A recent study presented at the Musculoskeletal Infection Society Annual Meeting (Aug. 1–2, 2025, Jersey City, N.J.) highlighted the benefits of implementing a standardized protocol for managing periprosthetic joint infections (PJI) following total joint arthroplasty. Researchers found that using a structured approach to debridement, antibiotics, and implant retention (DAIR) resulted in significantly improved patient outcomes compared with non-standardized methods.
Study Overview
Alberto Carli, MD, a hip and knee replacement surgeon at the Hospital for Special Surgery, and colleagues conducted a retrospective review of patients who underwent DAIR procedures for PJI between October 2018 and January 2025. The study analyzed two patient cohorts:
- Standardized DAIR group (n = 75): Procedures followed a defined protocol incorporating two antiseptic solutions — 10% povidone-iodine and Bactisure (Zimmer Biomet).
- Non-standardized DAIR group (n = 75): Procedures performed without a unified protocol, where the choice of antiseptic or steps varied by surgeon preference.
To ensure comparability, patients in both groups were matched by American Society of Anesthesiologists (ASA) scores, chronicity of infection, and whether their surgeries occurred within two years of each other.
Outcomes Measured
The researchers defined primary outcomes as the proportion of patients who avoided any subsequent surgery related to infection within two years of their DAIR procedure.

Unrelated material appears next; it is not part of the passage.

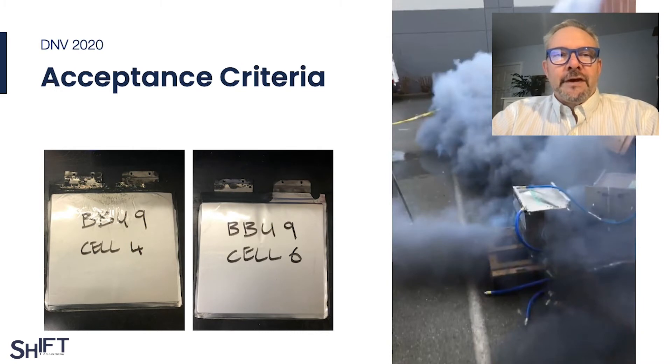Here, you see the results of our test. On the left, the two adjacent cells to the one that failed, both showing signs of carbon scoring and smoke residue at the top of the cells, but otherwise in very good shape. To the right, the module in question is going through its failure, and you can see it's all-encompassing. For the record, the adjacent cells increased in temperature to about 30 degrees Celsius during the event, while the failed cell achieved at least 700 degrees Celsius.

Secondary outcomes included:
- Length of hospital stay, measured in admission days.
- Rate of wound-related complications, broadly defined as wound dehiscence, requirement of postoperative antibiotics, or reoperation due to wound problems.
Results
Carli reported that patients treated under the standardized protocol had superior outcomes:
- 85% of patients did not require additional infection-related surgery at two years post-procedure.
- In contrast, only 65% of patients in the non-standardized group avoided further surgery.
This difference translated into a significantly higher implant survivorship rate for patients in the standardized DAIR group. The results suggest that the consistent use of antiseptic solutions and a structured, repeatable process can have a meaningful impact on long-term surgical outcomes.
Clinical Implications
Carli emphasized that the findings are less about proving the superiority of one antiseptic solution over another and more about demonstrating the value of systematic standardization. He noted that institutions without a formalized DAIR approach could achieve better patient outcomes by adopting standardized protocols and then tracking outcomes to evaluate effectiveness.
According to Carli, such protocols can help hospitals and surgical teams:
- Deliver more efficient and cost-effective care, by reducing the need for repeat procedures.
- Improve patient safety and satisfaction, through better implant survival and fewer complications.
- Establish benchmarks that allow for continuous quality improvement in the treatment of periprosthetic joint infections.
Expert Recommendation
Dr. Carli concluded that orthopedic surgeons and institutions should actively implement standardized DAIR pathways. By formalizing these processes, healthcare providers may not only improve infection management but also optimize resource utilization and ultimately enhance the quality of patient care.
Source: Sculco P, et al. Paper 1507. Presented at: Musculoskeletal Infection Society Annual Meeting; Aug. 1–2, 2025; Jersey City, N.J.
Disclosure: Dr. Alberto Carli reports consulting for Zimmer Biomet.